You can install xrf from github with:

# install.packages("devtools")
devtools::install_github("paleolimbot/xrf")

Example

Read in a Panalytical XRF spectrum and plot it.

library(tidyverse)
library(xrf)
#> 
#> Attaching package: 'xrf'
#> The following object is masked from 'package:stats':
#> 
#>     filter

pan_example_dir <- system.file("spectra_files/Panalytical", package = "xrf")
pan_files <- list.files(pan_example_dir, ".mp2", full.names = TRUE)
specs <- read_xrf_panalytical(pan_files)
specs %>%
  xrf_despectra() %>%
  unnest(.spectra) %>%
  ggplot(aes(x = energy_kev, y = cps, col = SampleIdent)) +
  geom_line() +
  facet_wrap(vars(ConditionSet), scales = "free_y")

Baselines

The xrf package can use several existing methods for estimating "background" or "baseline" values.
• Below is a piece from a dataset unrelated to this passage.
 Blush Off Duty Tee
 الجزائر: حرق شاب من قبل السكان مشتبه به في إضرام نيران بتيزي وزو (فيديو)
The most useful of these for XRF spectra is the Sensitive Nonlinear Iterative Peak (SNIP) method, implemented in the Peaks package.

specs %>%
  slice(3) %>%
  xrf_add_baseline_snip(iterations = 20) %>%
  xrf_despectra() %>%
  unnest() %>%
  filter(energy_kev <= 15) %>%
  ggplot(aes(x = energy_kev)) +
  geom_line(aes(y = cps, col = "raw")) +
  geom_line(aes(y = baseline, col = "baseline")) +
  geom_line(aes(y = cps - baseline, col = "cps - baseline"))
#> Warning: package 'bindrcpp' was built under R version 3.4.4

Smoothing

specs %>%
  slice(3) %>%
  xrf_add_baseline_snip(iterations = 20) %>%
  xrf_add_smooth_filter(filter = xrf_filter_gaussian(alpha = 2.5), .iter = 5) %>%
  xrf_despectra() %>%
  unnest() %>%
  filter(energy_kev <= 15) %>%
  ggplot(aes(x = energy_kev)) +
  geom_line(aes(y = cps, col = "raw"), alpha = 0.3) +
  geom_line(aes(y = smooth - baseline, col = "smooth"))

Deconvolution

deconvoluted <- specs %>%
  filter(ConditionSet %in% c("Omnian", "Omnian2")) %>%
  xrf_add_smooth_filter(filter = xrf_filter_gaussian(width = 5), .iter = 20) %>%
  xrf_add_baseline_snip(.values = .spectra$smooth, iterations = 20) %>%
  xrf_add_deconvolution_gls(
    .spectra$energy_kev, 
    .spectra$smooth - .spectra$baseline, 
    energy_max_kev = kV * 0.75, peaks = xrf_energies("major")
  )

certified_vals <- system.file("spectra_files/oreas_concentrations.csv", package = "xrf") %>%
  read_csv(col_types = cols(standard = col_character(), value = col_double(), .default = col_guess())) %>%
  filter(method == "4-Acid Digestion") %>%
  select(SampleIdent = standard, element, certified_value = value)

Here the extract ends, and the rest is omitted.